## Source data
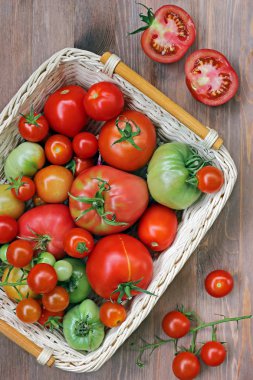 Taze domates bir sepet içinde kırmızı ve yeşil 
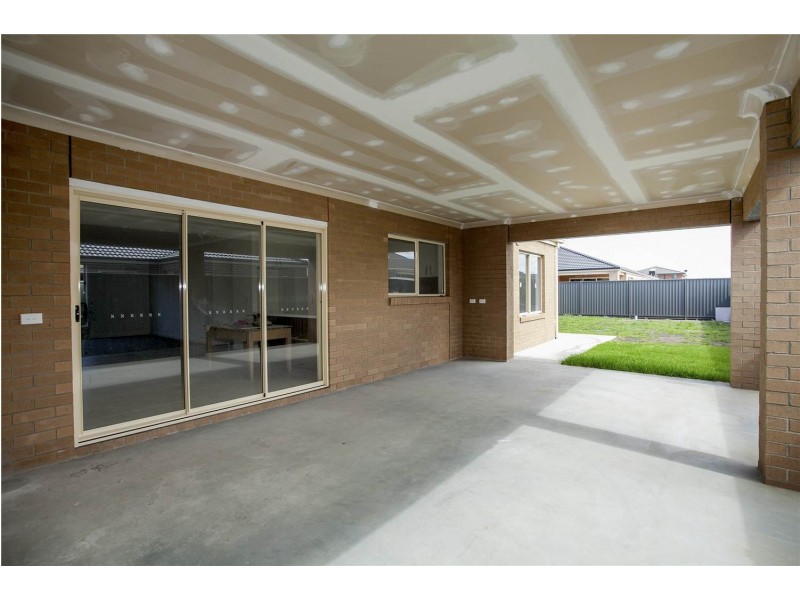 3 Wood Duck Court, Lara VIC 3212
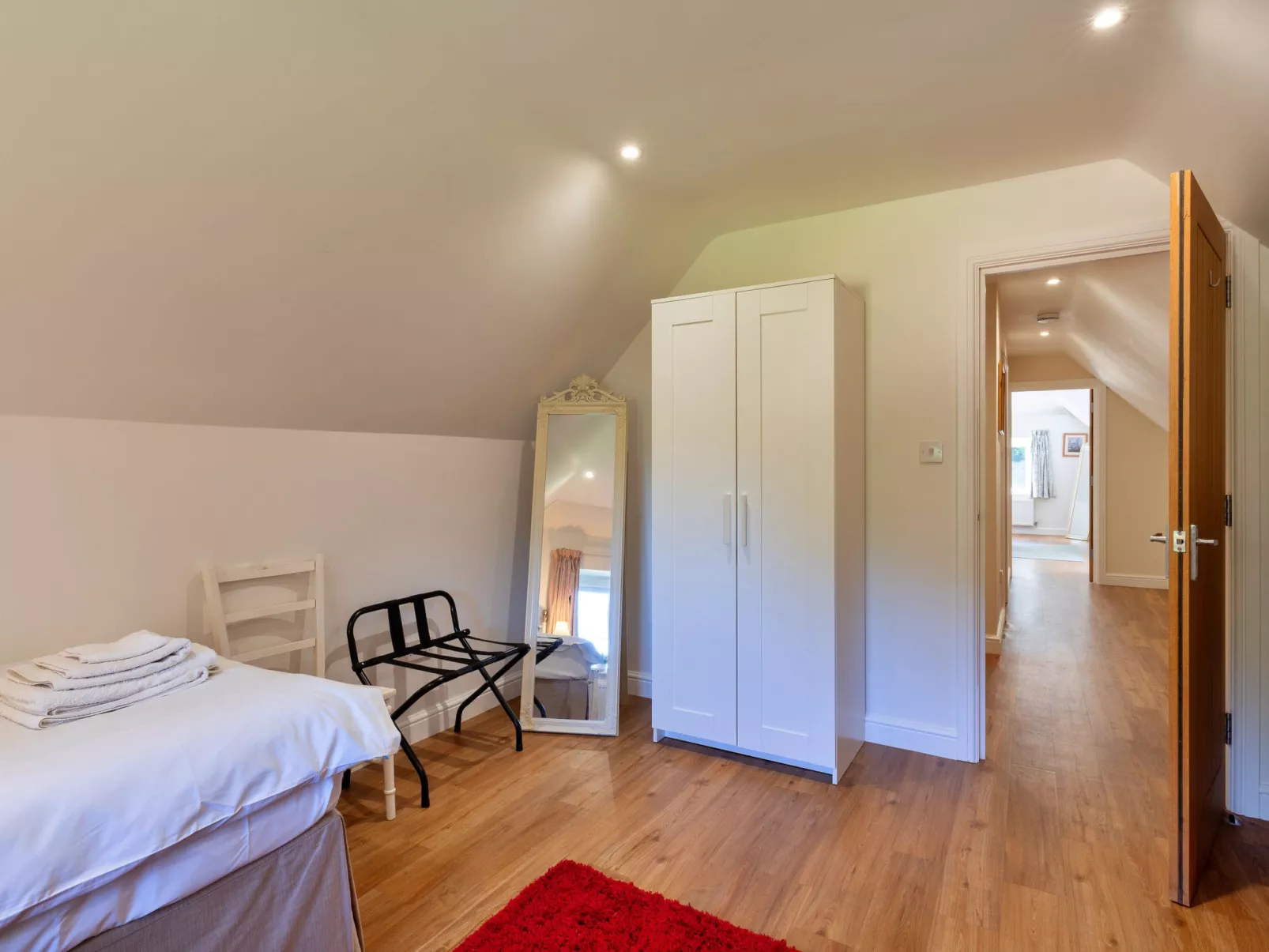 The Old Granary-Dedans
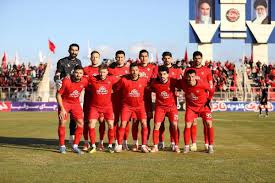 تراکتور در نقل و انتقالات بمب می‌ترکاند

## Your assignment
Take the listing above and retype it exactly. Its pictures are to be omitted.

## Response for this exercise
 Taze domates bir sepet içinde kırmızı ve yeşil 
 3 Wood Duck Court, Lara VIC 3212
 The Old Granary-Dedans
 تراکتور در نقل و انتقالات بمب می‌ترکاند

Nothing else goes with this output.